##### Stored data #####

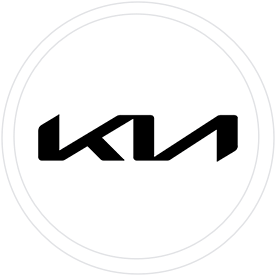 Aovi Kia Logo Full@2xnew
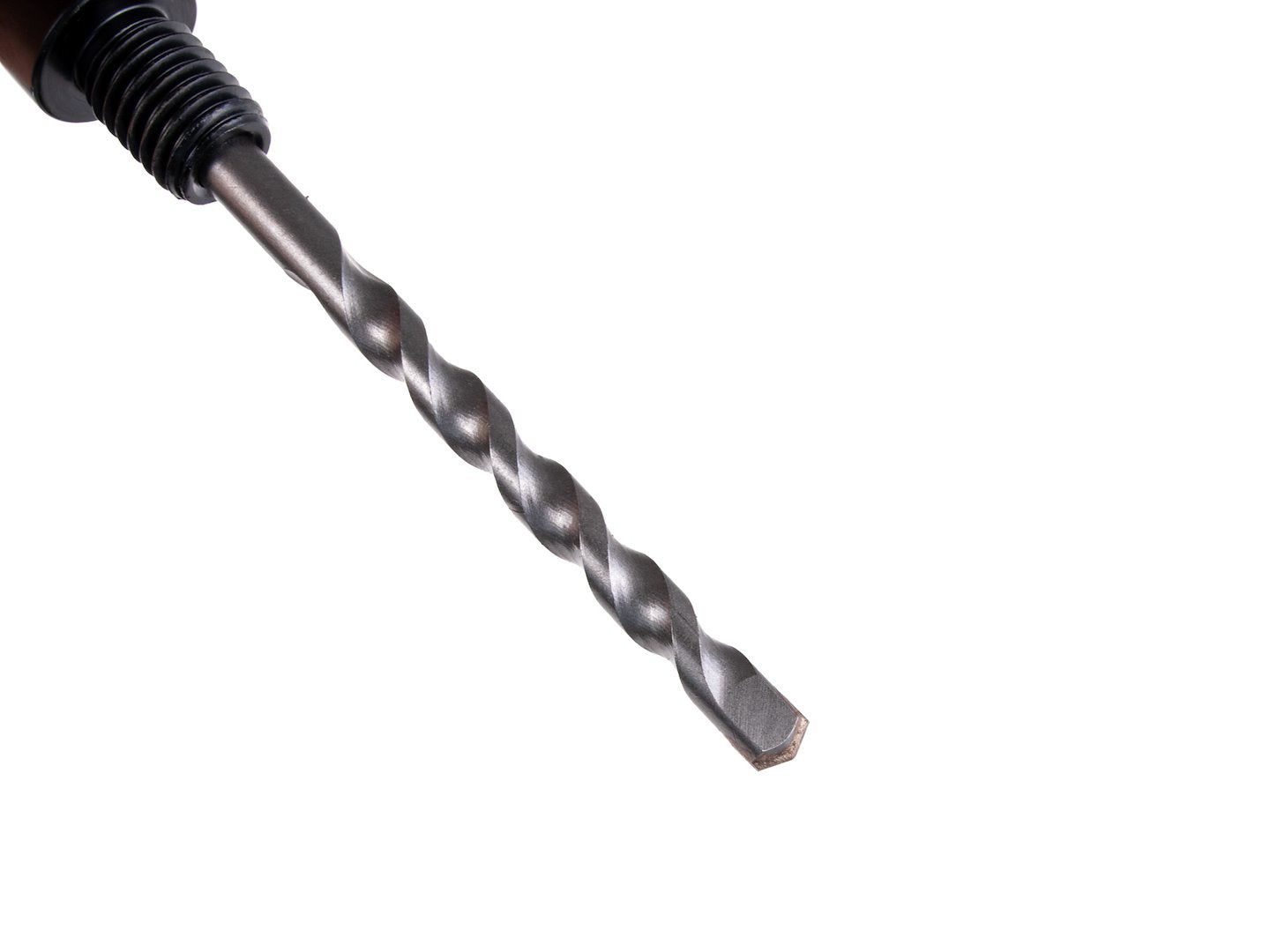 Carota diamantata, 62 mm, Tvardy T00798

#####
##### Stored data #####

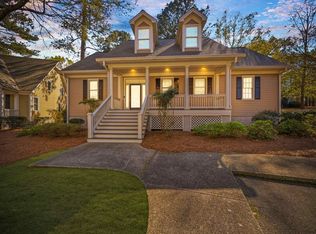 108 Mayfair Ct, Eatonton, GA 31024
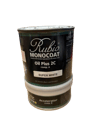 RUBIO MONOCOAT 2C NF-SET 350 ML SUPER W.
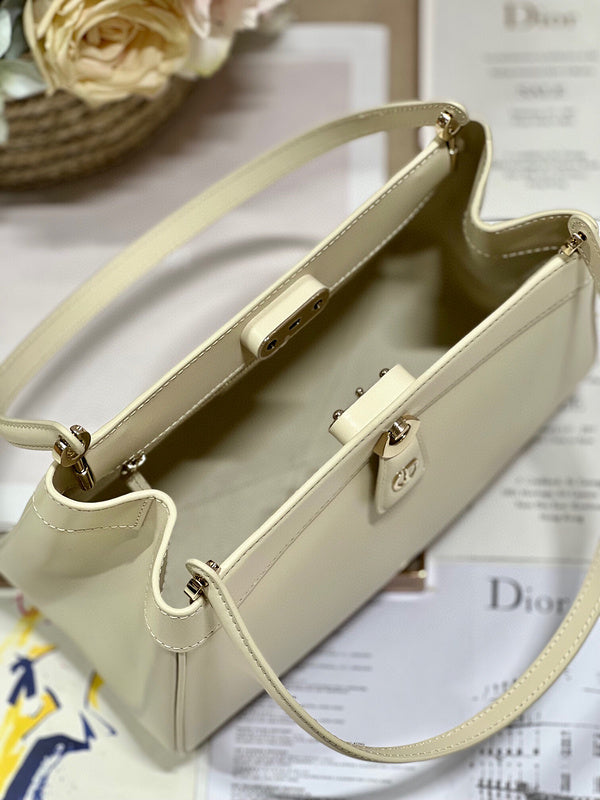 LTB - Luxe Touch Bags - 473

#####

** Aim of the exercise **
When you reach the line holding "Aovi Kia Logo Full@2xnew" in the listing above, begin retyping exactly, and stop once the line holding "Carota diamantata, 62 mm, Tvardy T00798" is done; pictures stay out.

** Exercise answer **
 Aovi Kia Logo Full@2xnew
 Carota diamantata, 62 mm, Tvardy T00798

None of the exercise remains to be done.